((

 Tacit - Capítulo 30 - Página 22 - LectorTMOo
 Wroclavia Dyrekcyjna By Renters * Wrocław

))
((

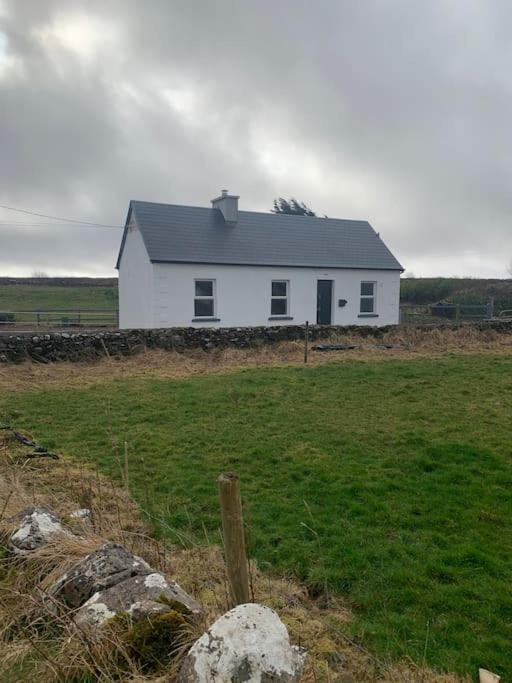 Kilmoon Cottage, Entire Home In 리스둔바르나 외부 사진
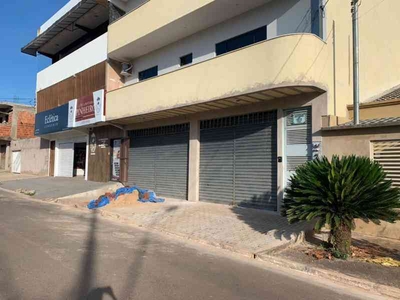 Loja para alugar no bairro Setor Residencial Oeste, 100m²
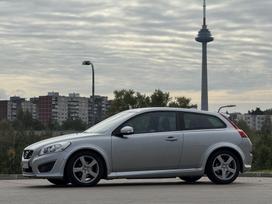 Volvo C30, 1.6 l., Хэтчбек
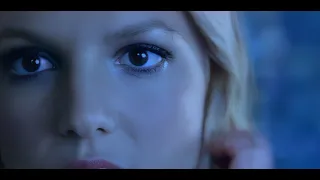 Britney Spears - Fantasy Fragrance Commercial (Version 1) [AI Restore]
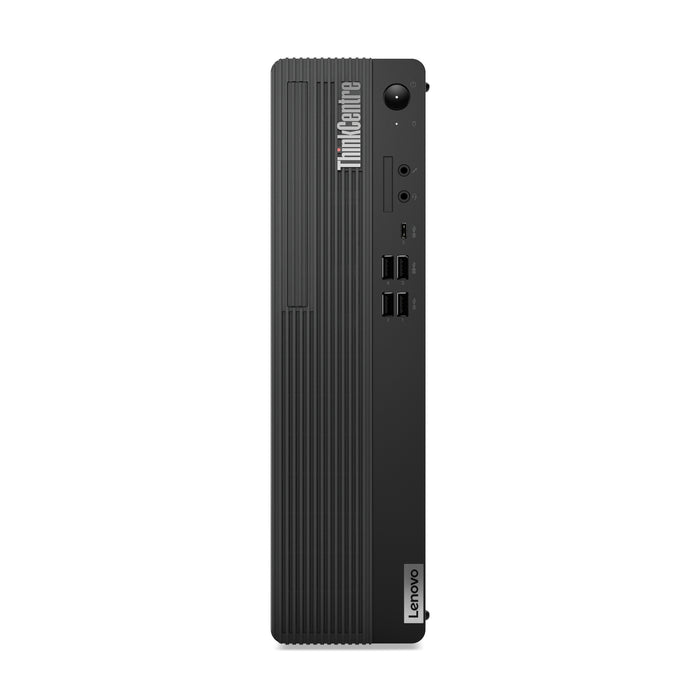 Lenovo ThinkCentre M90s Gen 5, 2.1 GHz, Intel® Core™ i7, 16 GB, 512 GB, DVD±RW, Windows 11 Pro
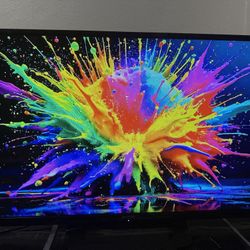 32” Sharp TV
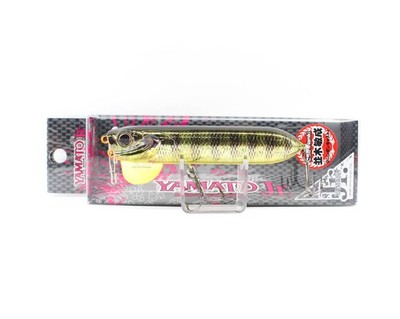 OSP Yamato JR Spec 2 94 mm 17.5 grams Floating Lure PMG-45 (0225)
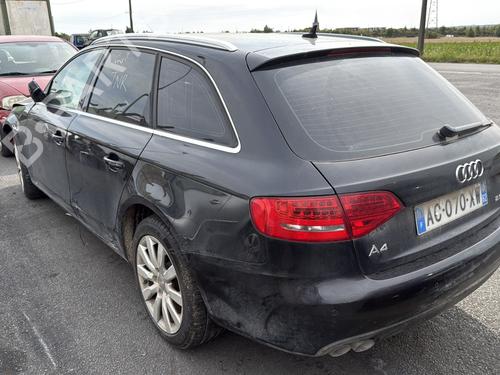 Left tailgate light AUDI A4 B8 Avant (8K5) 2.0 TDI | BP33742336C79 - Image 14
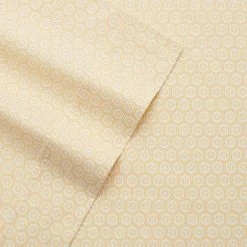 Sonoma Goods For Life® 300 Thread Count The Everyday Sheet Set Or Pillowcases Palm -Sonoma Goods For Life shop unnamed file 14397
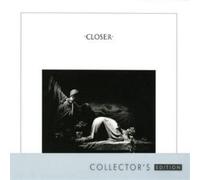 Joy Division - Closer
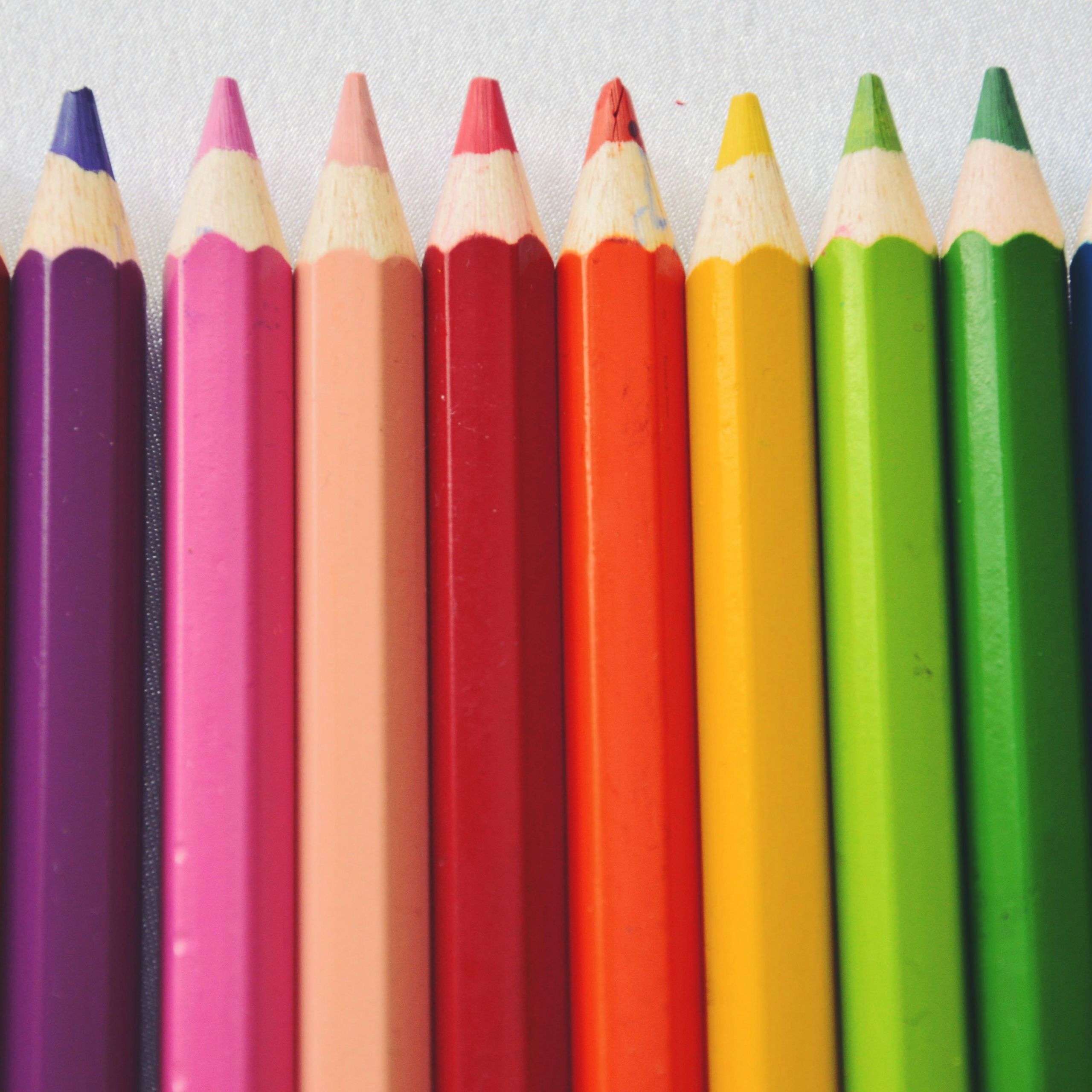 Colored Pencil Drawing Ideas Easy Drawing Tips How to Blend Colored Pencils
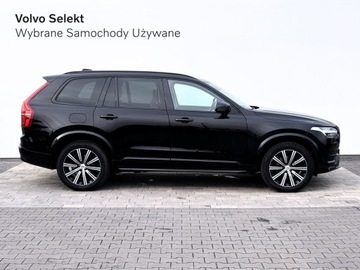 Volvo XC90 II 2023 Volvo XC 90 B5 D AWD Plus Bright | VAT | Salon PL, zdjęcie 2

))

• _Task prompt_
Go to the line above that contains "Volvo C30, 1.6 l., Хэтчбек" and reproduce everything exactly from there through the line that contains "Colored Pencil Drawing", leaving out the pictures.

• _Result for this task_
 Volvo C30, 1.6 l., Хэтчбек
 Britney Spears - Fantasy Fragrance Commercial (Version 1) [AI Restore]
 Lenovo ThinkCentre M90s Gen 5, 2.1 GHz, Intel® Core™ i7, 16 GB, 512 GB, DVD±RW, Windows 11 Pro
 32” Sharp TV
 OSP Yamato JR Spec 2 94 mm 17.5 grams Floating Lure PMG-45 (0225)
 Left tailgate light AUDI A4 B8 Avant (8K5) 2.0 TDI | BP33742336C79 - Image 14
 Sonoma Goods For Life® 300 Thread Count The Everyday Sheet Set Or Pillowcases Palm -Sonoma Goods For Life shop unnamed file 14397
 Joy Division - Closer
 Colored Pencil Drawing Ideas Easy Drawing Tips How to Blend Colored Pencils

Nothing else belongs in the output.